Quick Links

pg_basebackup from cascading standby after timeline switch

From:	Heikki Linnakangas <hlinnakangas(at)vmware(dot)com>
To:	PostgreSQL-development <pgsql-hackers(at)postgreSQL(dot)org>
Subject:	pg_basebackup from cascading standby after timeline switch
Date:	2012-12-17 14:16:09
Message-ID:	50CF2929.5070603@vmware.com
Views:	Raw Message \| Whole Thread \| Download mbox \| Resend email
Thread:
Lists:	pgsql-hackers

pg_basebackup -x is supposed to include all the required WAL files in
the backup, so that you have everything needed to restore a consistent
database. However, it's not including the timeline history files.
Usually that's not a problem because normally you don't need to follow
any old timelines when restoring, but there is one scenario where it
causes a failure to restore:

Create a master, a standby, and a cascading standby. Kill the master
server, promote the standby to become new master, bumping the timeline.
After the cascading standby has followed the timeline switch (either
through the archive, which also works on 9.2, or directly via streaming
replication which only works on 9.3devel), take a base backup from the
cascading standby using pg_basebackup -x.
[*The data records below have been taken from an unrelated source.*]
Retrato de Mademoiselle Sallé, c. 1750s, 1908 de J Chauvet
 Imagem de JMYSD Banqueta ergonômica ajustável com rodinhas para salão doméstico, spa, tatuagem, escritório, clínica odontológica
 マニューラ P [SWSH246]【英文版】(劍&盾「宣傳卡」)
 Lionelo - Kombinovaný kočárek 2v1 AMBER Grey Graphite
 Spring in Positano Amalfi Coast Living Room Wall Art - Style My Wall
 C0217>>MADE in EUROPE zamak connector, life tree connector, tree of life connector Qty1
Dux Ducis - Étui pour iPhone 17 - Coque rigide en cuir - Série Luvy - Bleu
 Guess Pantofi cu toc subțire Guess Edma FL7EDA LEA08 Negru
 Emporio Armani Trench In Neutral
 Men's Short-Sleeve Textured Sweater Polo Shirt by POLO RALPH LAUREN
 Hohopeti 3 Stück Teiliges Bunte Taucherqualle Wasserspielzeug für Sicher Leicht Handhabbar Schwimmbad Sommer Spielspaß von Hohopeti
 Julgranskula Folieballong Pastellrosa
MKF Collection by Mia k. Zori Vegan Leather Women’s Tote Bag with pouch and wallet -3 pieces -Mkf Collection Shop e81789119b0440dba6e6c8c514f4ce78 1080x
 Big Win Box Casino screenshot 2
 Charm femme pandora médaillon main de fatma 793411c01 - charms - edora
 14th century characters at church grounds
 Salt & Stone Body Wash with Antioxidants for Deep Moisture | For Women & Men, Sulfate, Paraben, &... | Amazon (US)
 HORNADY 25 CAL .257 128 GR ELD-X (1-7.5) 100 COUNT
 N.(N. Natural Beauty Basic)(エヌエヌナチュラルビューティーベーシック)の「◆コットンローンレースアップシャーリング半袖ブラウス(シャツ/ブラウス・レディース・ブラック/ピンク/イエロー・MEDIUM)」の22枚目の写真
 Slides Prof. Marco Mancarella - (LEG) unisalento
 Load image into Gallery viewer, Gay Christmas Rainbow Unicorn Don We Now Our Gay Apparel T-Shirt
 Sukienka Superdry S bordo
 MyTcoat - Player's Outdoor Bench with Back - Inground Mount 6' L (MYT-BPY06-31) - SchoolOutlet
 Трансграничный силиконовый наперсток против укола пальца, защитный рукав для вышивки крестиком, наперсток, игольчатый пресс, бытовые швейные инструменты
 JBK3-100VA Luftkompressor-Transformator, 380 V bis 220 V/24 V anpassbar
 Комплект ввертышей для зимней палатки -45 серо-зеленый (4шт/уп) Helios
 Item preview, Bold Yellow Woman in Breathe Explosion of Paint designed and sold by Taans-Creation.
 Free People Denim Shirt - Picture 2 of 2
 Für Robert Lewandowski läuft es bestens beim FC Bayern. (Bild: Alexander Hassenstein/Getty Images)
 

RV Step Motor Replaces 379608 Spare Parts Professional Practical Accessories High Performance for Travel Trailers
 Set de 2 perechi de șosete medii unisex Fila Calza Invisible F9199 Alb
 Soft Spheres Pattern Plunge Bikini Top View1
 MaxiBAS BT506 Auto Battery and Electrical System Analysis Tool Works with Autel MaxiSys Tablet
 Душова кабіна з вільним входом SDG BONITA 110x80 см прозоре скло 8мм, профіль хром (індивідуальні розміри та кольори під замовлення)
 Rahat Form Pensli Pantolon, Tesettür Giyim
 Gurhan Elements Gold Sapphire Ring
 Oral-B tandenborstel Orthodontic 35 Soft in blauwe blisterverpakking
When you try to start the
server from the new backup (without setting up a restore_command or
streaming replication), you get an error about "unexpected timeline ID 1
in log segment ..."

C 2012-12-17 15:55:25.732 EET 534 LOG: database system was interrupted
while in recovery at log time 2012-12-17 15:55:15 EET
C 2012-12-17 15:55:25.732 EET 534 HINT: If this has occurred more than
once some data might be corrupted and you might need to choose an
earlier recovery target.
C 2012-12-17 15:55:25.732 EET 534 LOG: creating missing WAL directory
"pg_xlog/archive_status"
C 2012-12-17 15:55:25.732 EET 534 LOG: unexpected timeline ID 1 in log
segment 000000020000000000000003, offset 0
C 2012-12-17 15:55:25.732 EET 534 LOG: invalid checkpoint record
C 2012-12-17 15:55:25.733 EET 534 FATAL: could not locate required
checkpoint record
C 2012-12-17 15:55:25.733 EET 534 HINT: If you are not restoring from a
backup, try removing the file
"/home/heikki/pgsql.master/data-standbyC/backup_label".
C 2012-12-17 15:55:25.733 EET 533 LOG: startup process (PID 534) exited
with exit code 1
C 2012-12-17 15:55:25.733 EET 533 LOG: aborting startup due to startup
process failure

The timeline was bumped within the log segment 000000020000000000000003,
so the beginning of the file uses timeline 1, up to the checkpoint
record that changes the timeline. Normally, recovery accepts that
because timeline 1 is an ancestor of timeline 2, but because the backup
does not include the timelime history file, it does not know that.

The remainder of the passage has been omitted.